Originally Posted by
Sixty Fiver
Still can't figure out why you guys are the last hold outs to go to metric as it is so simple for relating temperature.
100 - water boils
0 water freezes
And -40 C = -40F
Was a balmy -20 C this morning and have only been out for my morning walk and foot commute with the girls... with no wind and a sky full of sun it is actually rather pleasant and the little one was not even complaining about the cold.
The cat even went outside for 5 minutes before he came to his senses... he has never seen snow so was pretty intrigued.
Fahrenheit scale is a little more accurate.
0C +32f the point where fresh water freezes at sea level.
0F is the point where sea water freezes and it is less effected by elevation.
Ever hear the story of how the system came to exist? Supposedly it all dates back to I believe King Henry settling a dispute between a tailor and a cloth maker. The tailor was tall and the cloth maker was short. It was typical that cloth be measured by the tip of the thump on an out streached arm to the tip of the nose. That happens to be half the hight of the person doing the measurment. That length also was what most peoples Sash (Belt) was that was often made by the tailor.
The dispute came when the tailor (tall) felt he was being swindled by the cloth maker (short) because their Yard from the word gird ( circumference of the waist).

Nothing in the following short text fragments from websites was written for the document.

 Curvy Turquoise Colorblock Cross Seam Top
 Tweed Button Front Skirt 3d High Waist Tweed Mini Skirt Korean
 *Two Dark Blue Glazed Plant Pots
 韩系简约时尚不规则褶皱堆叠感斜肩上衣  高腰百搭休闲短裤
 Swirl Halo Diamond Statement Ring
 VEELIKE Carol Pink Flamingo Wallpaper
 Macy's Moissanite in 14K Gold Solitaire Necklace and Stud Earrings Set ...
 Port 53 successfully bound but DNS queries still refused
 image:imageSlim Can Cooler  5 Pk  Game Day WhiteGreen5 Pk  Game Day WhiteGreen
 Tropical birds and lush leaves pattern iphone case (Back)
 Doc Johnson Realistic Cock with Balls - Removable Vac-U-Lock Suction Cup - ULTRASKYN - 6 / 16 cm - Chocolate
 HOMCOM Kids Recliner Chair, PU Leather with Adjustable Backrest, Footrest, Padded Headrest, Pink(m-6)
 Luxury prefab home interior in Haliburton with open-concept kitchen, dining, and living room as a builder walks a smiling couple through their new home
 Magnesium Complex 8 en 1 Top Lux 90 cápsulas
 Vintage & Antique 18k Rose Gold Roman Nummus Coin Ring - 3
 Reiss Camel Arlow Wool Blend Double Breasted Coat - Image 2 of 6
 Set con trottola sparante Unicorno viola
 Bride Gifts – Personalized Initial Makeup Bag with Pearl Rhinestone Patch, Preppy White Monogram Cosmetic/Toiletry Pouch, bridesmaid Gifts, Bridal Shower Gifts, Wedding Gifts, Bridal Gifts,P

They broke it down by finding that the Yard was three lengths of Henry's foot. A foot was 12 "inches" ,the width of Henry's thumb. Also the approximate distance front the first knuckle to the send knuckle on the index finger that the caprenter would use rocking back and forth like and "inch worm" when measuring lengths of wood.
So the whole system was standardized by the girth (waist measurement) of a chubby king Henry.